早奈恵はそんな後輩をジト目で見ると、大きく溜息を吐いた。
「お前は葵とは別のめんどくささがあるな。好きにすればいいと言ったらそれはそれで気にいらないなどと、悪質なクレーマーか? お前」
「……だって、私のこだわりをくだらないって言われたら……」
「くだらんではない、危険だ。術の効果を上げようと無駄を省くのはいいが、無駄とは言い換えれば余裕だぞ? 余裕がなければ術が担保する安全度は下がる。まして、お前は葵の術に手を加えて飛行式の余裕を極限まで落としている。何かあって葵が高度から落ちたら重傷で済めば御の字だぞ? 何度も言ってるだろ」
頬に空気を溜めこんでご立腹の様子を見せている香奈に苦笑を返す。
香奈としては十分に安全を確保した上のでも術式改良なのだ、それを安全を担保に効果を上げているように言われたら、プライドを傷つけられるのも道理である。
勉強会でも早奈恵と香奈はスタンスの違いで何度もぶつかっている。
当然ながら、この合宿でも、だ。
当初は美咲はおろおろとしながら2人を見守っていたのだが、最近はこれが2人のスキンシップだと気付いたため、涼しい顔をしている。
いくらか図太くなってきた後輩たちに、これは私たちの影響なのか、と少しだけ己を省みてみる。
(とは言っても、いまさらか)
どうせもう自分というものは簡単には変えられない思い直す。
早奈恵は未だにご立腹な様子を見せている香奈に、いつものように先延ばしを提案するのだった。
「明日の午前中は報告会だ。お前の反論はそこで聞くから纏めておけ。午後からは実習に入る。何、いつもどおりのことだよ、私を認めさせたいなら論破してみせろ」
「お、言いましたね! いいでしょう、今度こそ、まいった! って言わせて見せますからね。みさきち、ご飯食べにいこう! そして、英気を養うのだ!」
「は、はい。早奈恵先輩、お先に失礼します」
「首を洗って待ってて下さい、明日こそ私を認めさせますから!」
対照的な2人の挨拶に返事を行い、早奈恵も今度こそ場を離れる。
彼女にはこの後やることがまだ残っているのだ、バックスとは他とは違い、研究・勉学をメインとするポジションである。
じゃあ、これでいこうと思いつきではうまく回らないのだ。
合宿用の課題に、自身の研究を纏めた論文の整理、他にも毎日提出される香奈の術式の確認とやることは多い。

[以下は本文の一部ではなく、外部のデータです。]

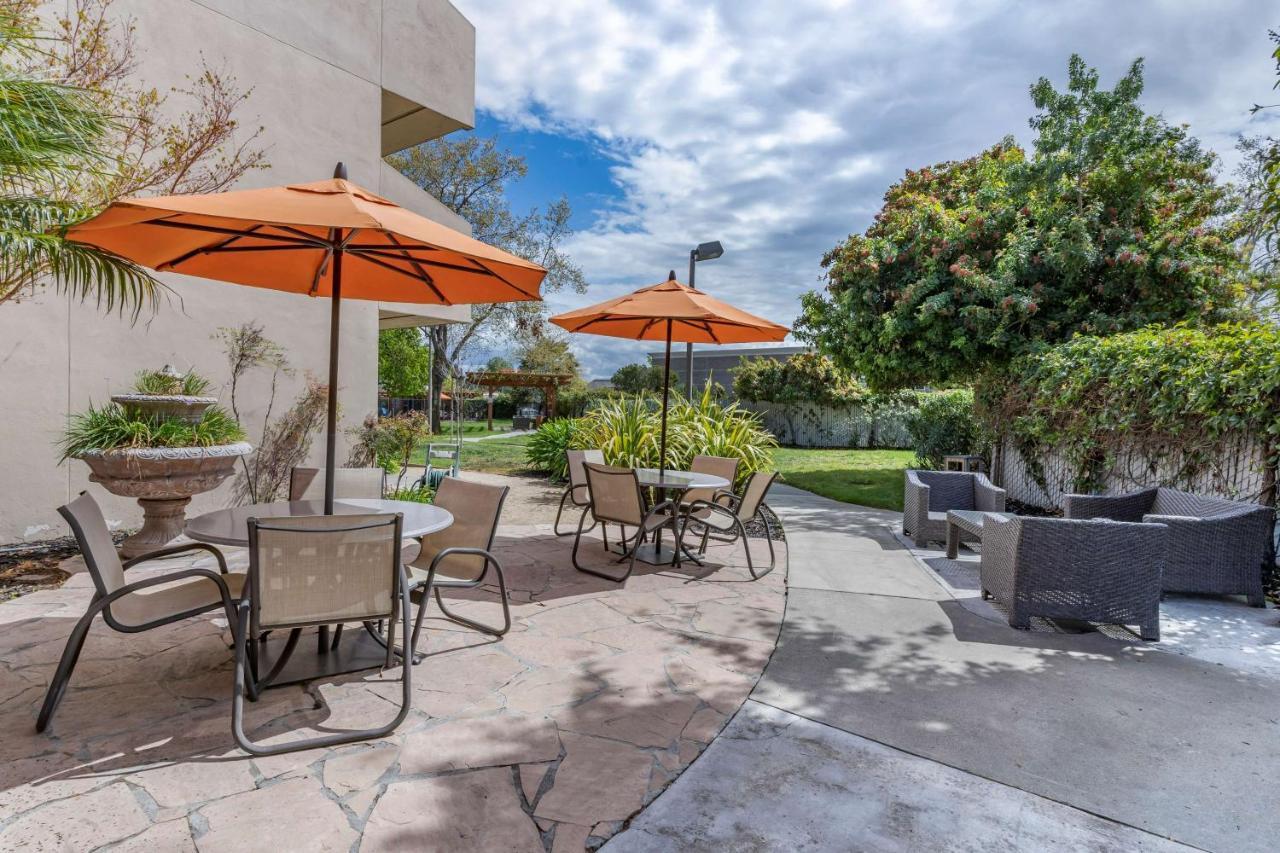 Best Western Plus Garden Court Inn Fremont Luaran gambar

「我ながら、度し難い程に研究者か。なんだかんだと言って香奈との討論は楽しみなのだから」
いつもぶつかり合う後輩との議論が楽しみだ、とあまり外には見せない上機嫌な様子で宿舎に早奈恵は帰るのだった。
もうすぐ全体行程の半分を超える合宿、ここまでで掴んだものを各々再確認しながら、夏は秋へと向かっていくのだった。